• PROBLEM STATEMENT:
From the line that has "Bristol bisley aircraft" down to the last line of the data below, set down every line exactly, but none of the pictures.

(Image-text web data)
※
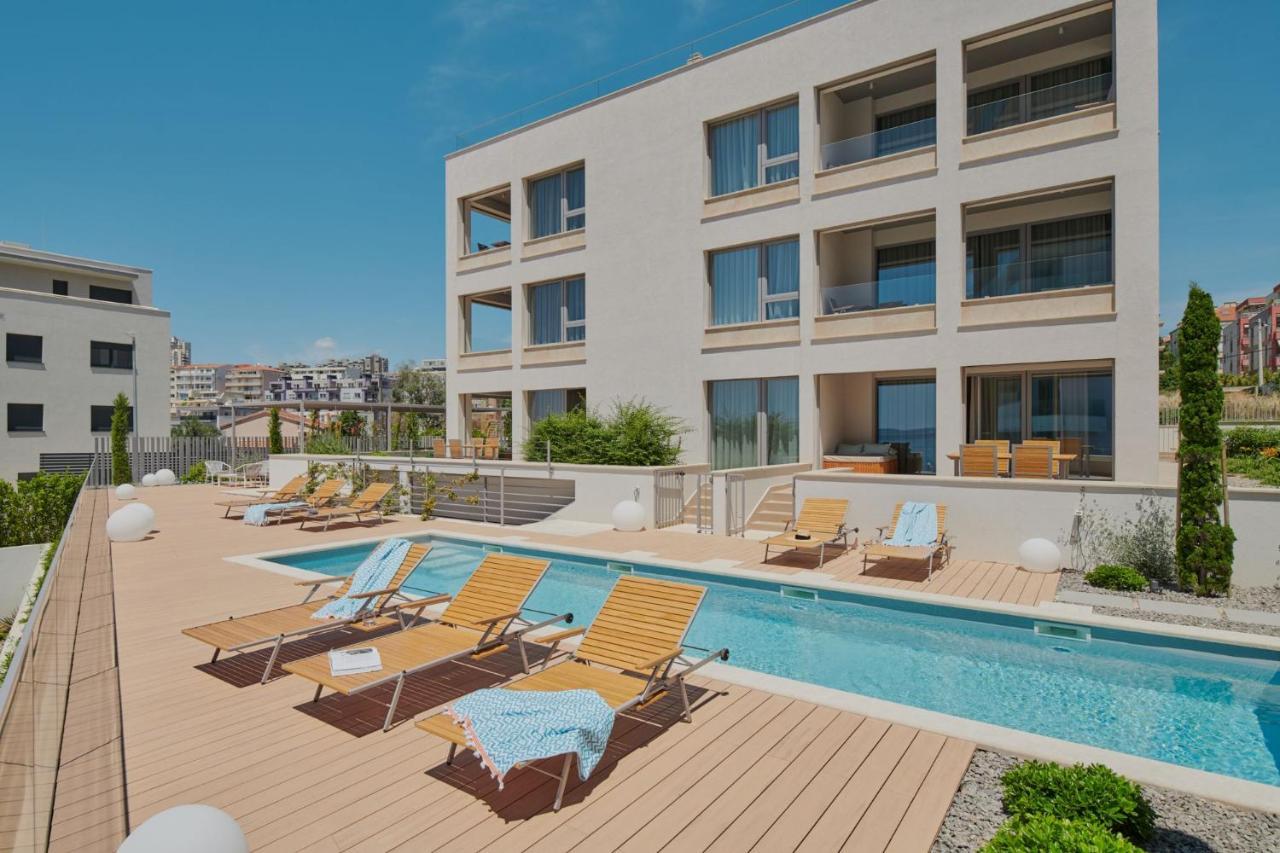 Eol Apartments Split Ngoại thất bức ảnh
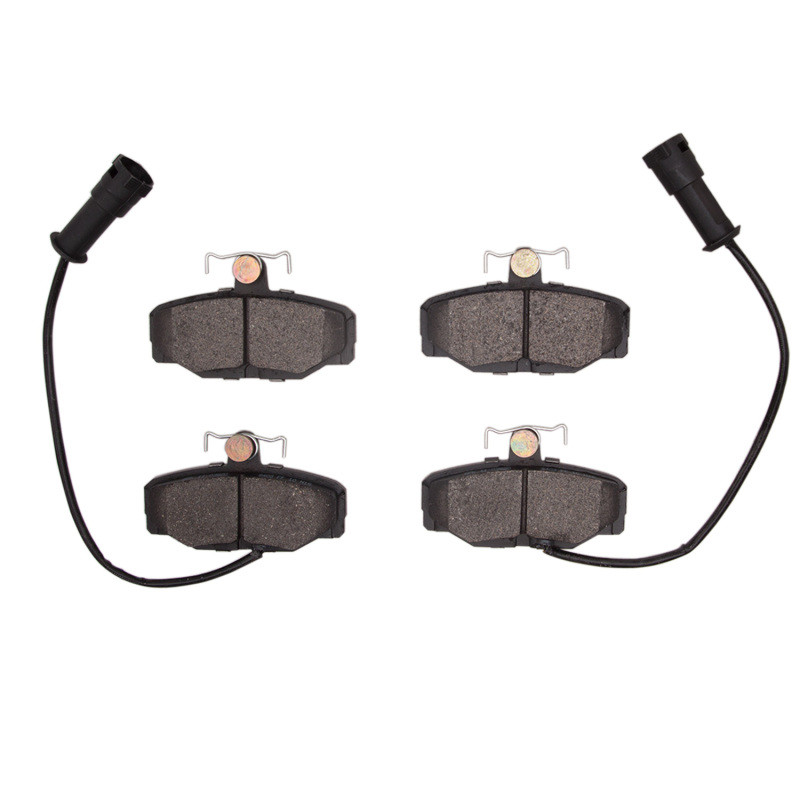 DFC 88-89 Merkur Scorpio Rear 5000 Advanced Semi Metallic Brake Pads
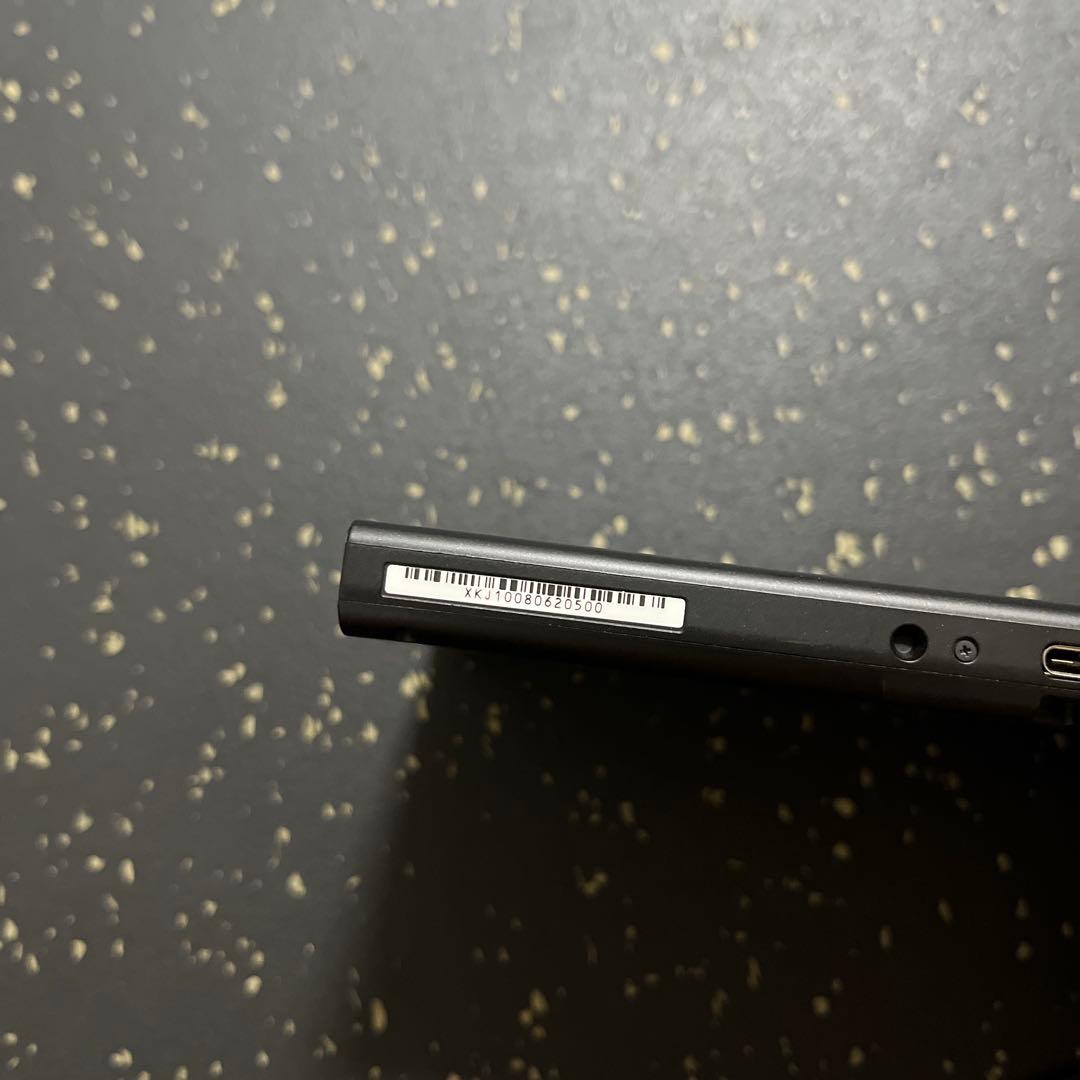 Switch バッテリー強化版　本体のみ　2021年製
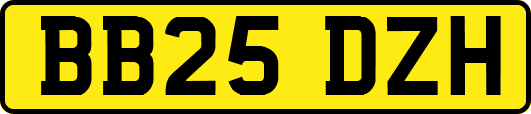BB25DZH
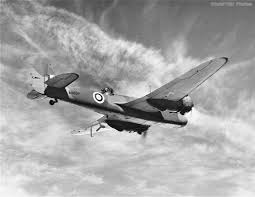 Bristol bisley aircraft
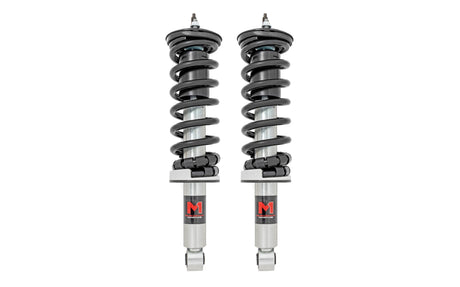 M1 Loaded Strut Pair 2.5 Inch Nissan Frontier 4WD (2005-2026) Rough Country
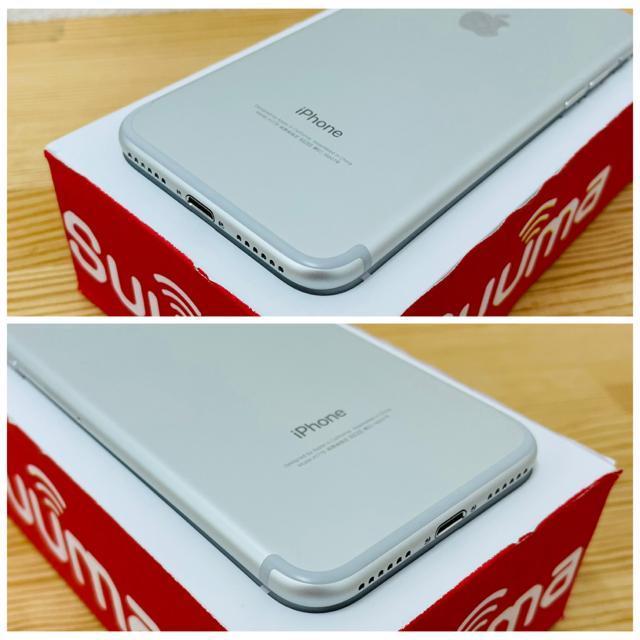 S 100% iPhone 7 32 GB SIMフリー シルバー 本体 < 家電/AV  S 100% iPhone 7 32 GB SIMフリー シルバー 本体 < 家電/AVの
※
• SOLUTION:
 Bristol bisley aircraft
 M1 Loaded Strut Pair 2.5 Inch Nissan Frontier 4WD (2005-2026) Rough Country
 S 100% iPhone 7 32 GB SIMフリー シルバー 本体 < 家電/AV  S 100% iPhone 7 32 GB SIMフリー シルバー 本体 < 家電/AVの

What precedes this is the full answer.